The leadership of United Left (IU) in Extremadura has opted for a vote among members to resolve the dilemma facing the party. This vote is more a sign of political immaturity than a praiseworthy exercise of internal democracy. It is an established principle that it is up to the most-voted party to make the first attempt to form a government. Thus the PP must negotiate with IU to obtain its favorable vote, or its abstention. If IU abstains, on the grounds of its differences with Fernández Vara's Socialists, it will be the PP that forms a regional government. And such an outcome would amount to an open contradiction with the two left-wing parties' declared aim of preventing the right from governing.
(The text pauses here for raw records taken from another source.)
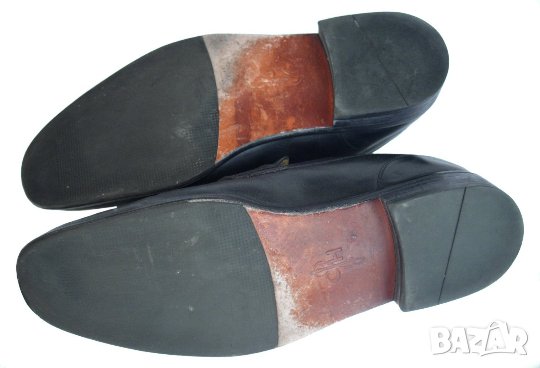 Cole Haan мъжки кожени обувки естествена кожа черни, снимка 5 - Ежедневни обувки - 23797715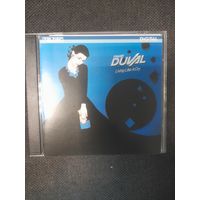 FRANK DUVAL " LIVING LIKE A CRY" CD 1984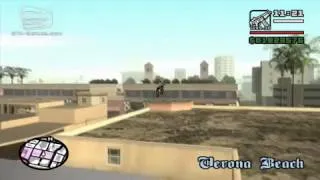 GTA San Andreas   Walkthrough   Unique Stunt Jump #20   Verona Beach Los Santos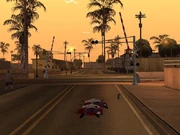 Railroad Crossing Open Los Santos (GTA SA)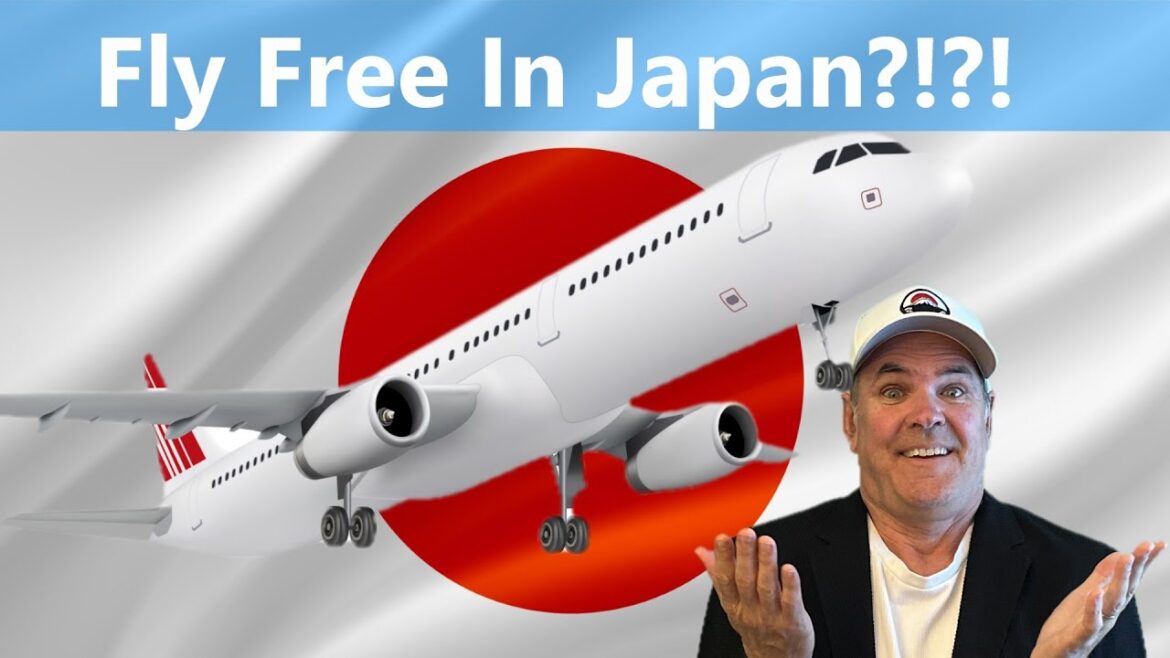 Fly Free In Japan!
In Asturias the problem is of another nature. The split-off group in the Popular Party headed by Álvarez-Cascos is the most-voted slate, but needs an agreement with its former party in order to be invested. In this case, it is what might be called a family quarrel, in which the only obstacles to reaching an agreement have to do with the compatibility or otherwise between political leaders who on this occasion have taken different roads toward the satisfaction of their personal ambitions.
It is in the Basque Country, however, where the matter of pacts involves decisions that go beyond mere agreements to form majorities. The PSOE, the PP and the Basque Nationalist Party (PNV) have in their hands the possibility of reaching an understanding to keep, respectively, the mayoralty of San Sebastián and the provinces of Álava and Guipúzcoa. If they fail to do this, the Bildu coalition will obtain an important quota of official power. Reticence concerning Bildu is great, owing to the fact that the terrorist group ETA has not entirely disappeared, though it is said to be moribund.
Certain errors ought to be avoided in the area of inter-party pacts. Incompatible, contradictory combinations in local and regional governments would tend to aggravate the discredit of politics in general. Meanwhile, due procedures ought to be respected, whether or not the result is known beforehand. If a given party is the most voted, it must have the right to attempt to form a government, even if it fails. And only at this moment will it be advisable to put together alternative combinations.